The answer must consist only of the lines in the records below from the line with "Mama Vibes Floral" to the line with "Women's Pumps Pointed-Toe", both included, copied word for word with every picture left out.

SUPPLIED RECORDS
★ ★ ★ ★ ★

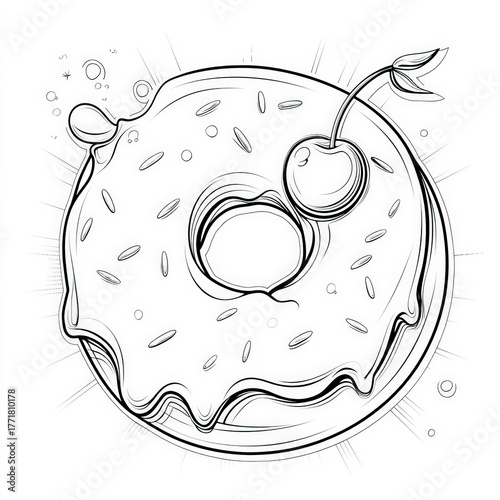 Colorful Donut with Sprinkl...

★ ★ ★ ★ ★

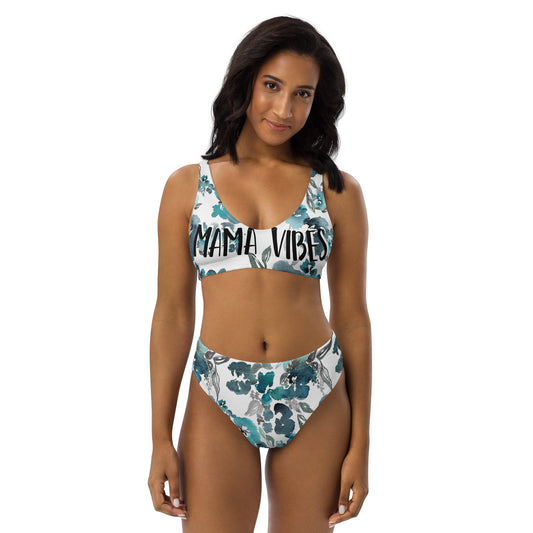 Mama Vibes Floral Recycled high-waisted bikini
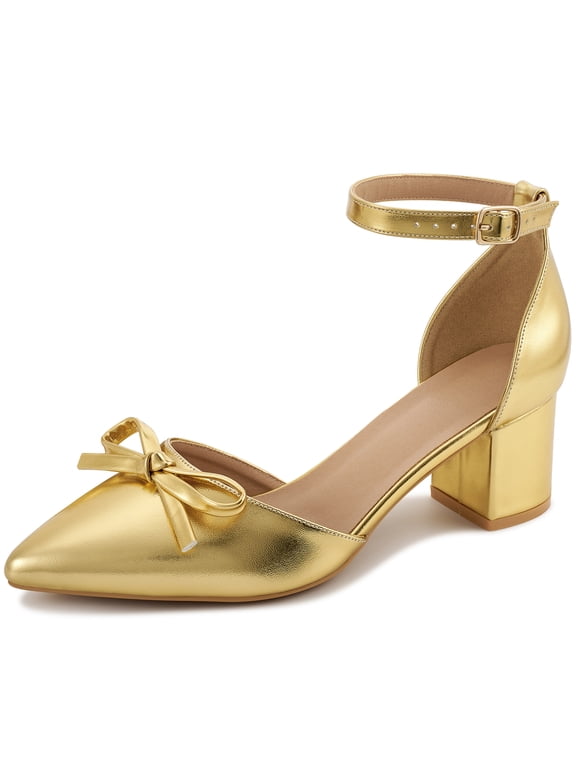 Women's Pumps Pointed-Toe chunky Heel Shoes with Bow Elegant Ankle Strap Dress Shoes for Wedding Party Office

★ ★ ★ ★ ★

COMPLETED TASK
 Mama Vibes Floral Recycled high-waisted bikini
 Women's Pumps Pointed-Toe chunky Heel Shoes with Bow Elegant Ankle Strap Dress Shoes for Wedding Party Office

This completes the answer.